Available data below:

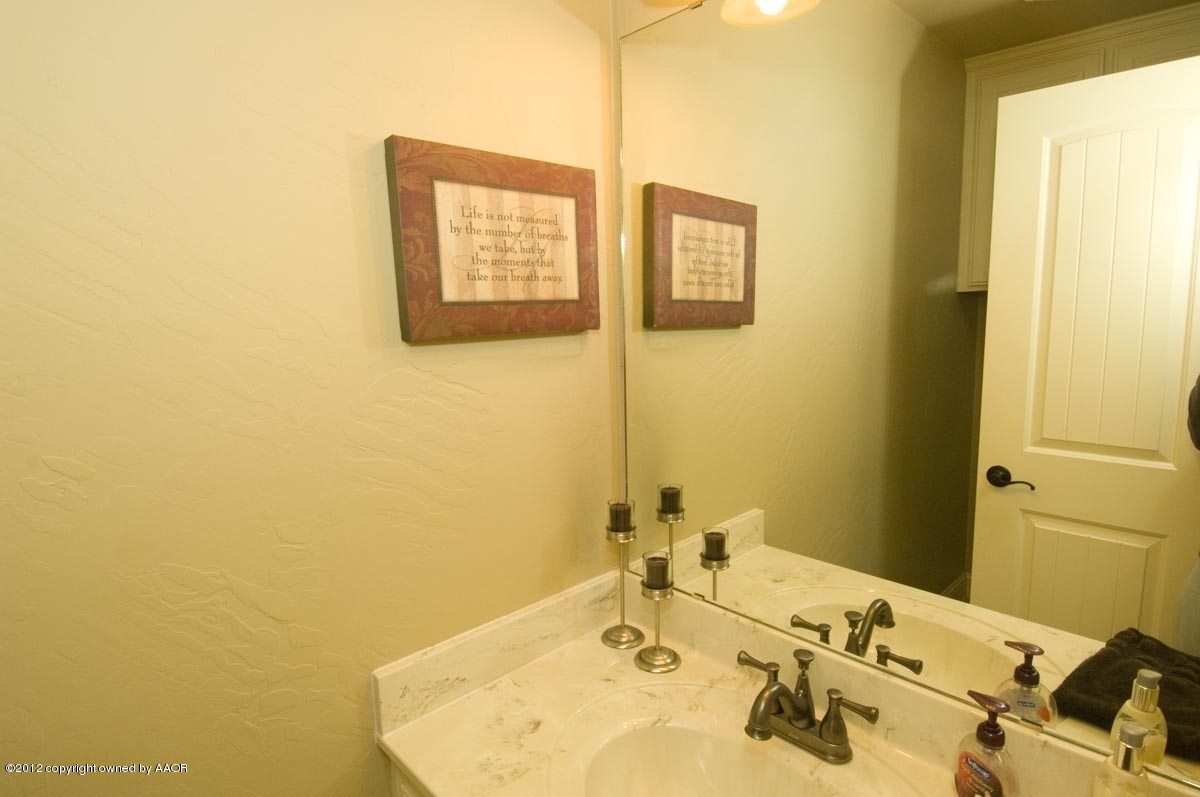 16450 Dove Meadow Road Canyon, TX 79015 - Photo 26 of 37 bathroom 3 view 2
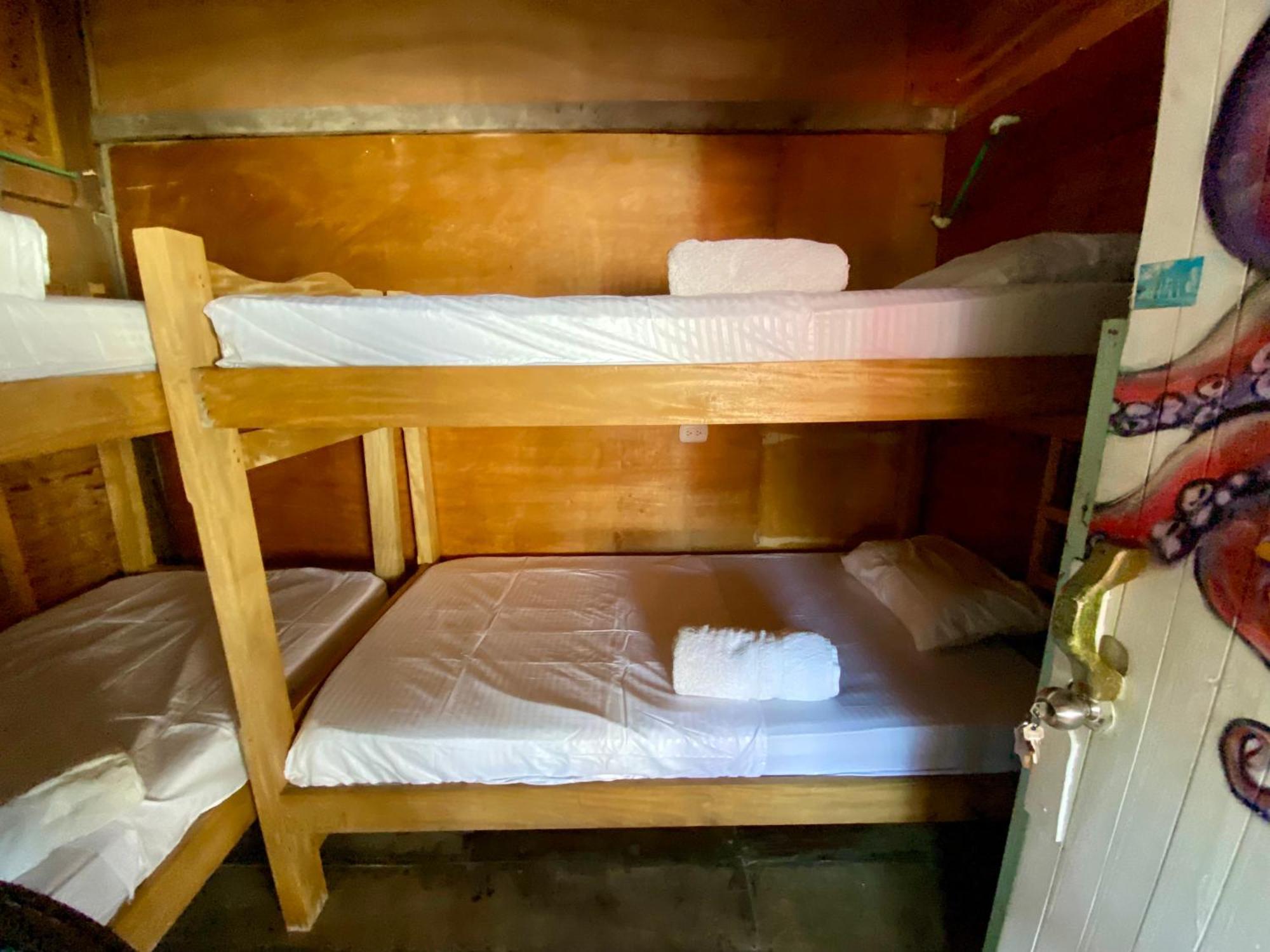איסלה מוקורה Eco Hostal Estrella De Mar מראה חיצוני תמונה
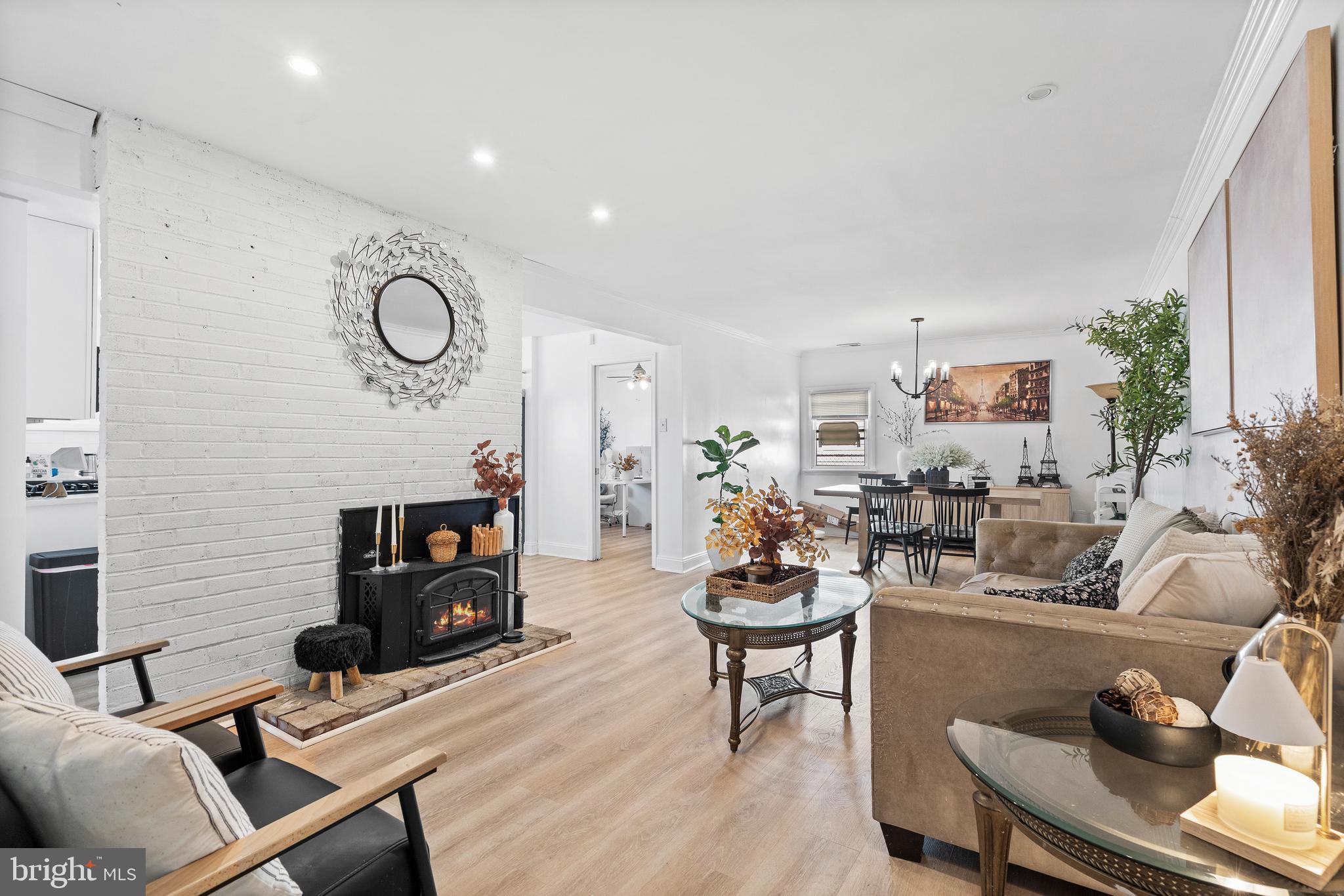 ACADEMY GARDENS - Residential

End of Available data.

Brief: Each line above should be set down exactly as written, with pictures excluded.

Output of the task:
 16450 Dove Meadow Road Canyon, TX 79015 - Photo 26 of 37 bathroom 3 view 2
איסלה מוקורה Eco Hostal Estrella De Mar מראה חיצוני תמונה
 ACADEMY GARDENS - Residential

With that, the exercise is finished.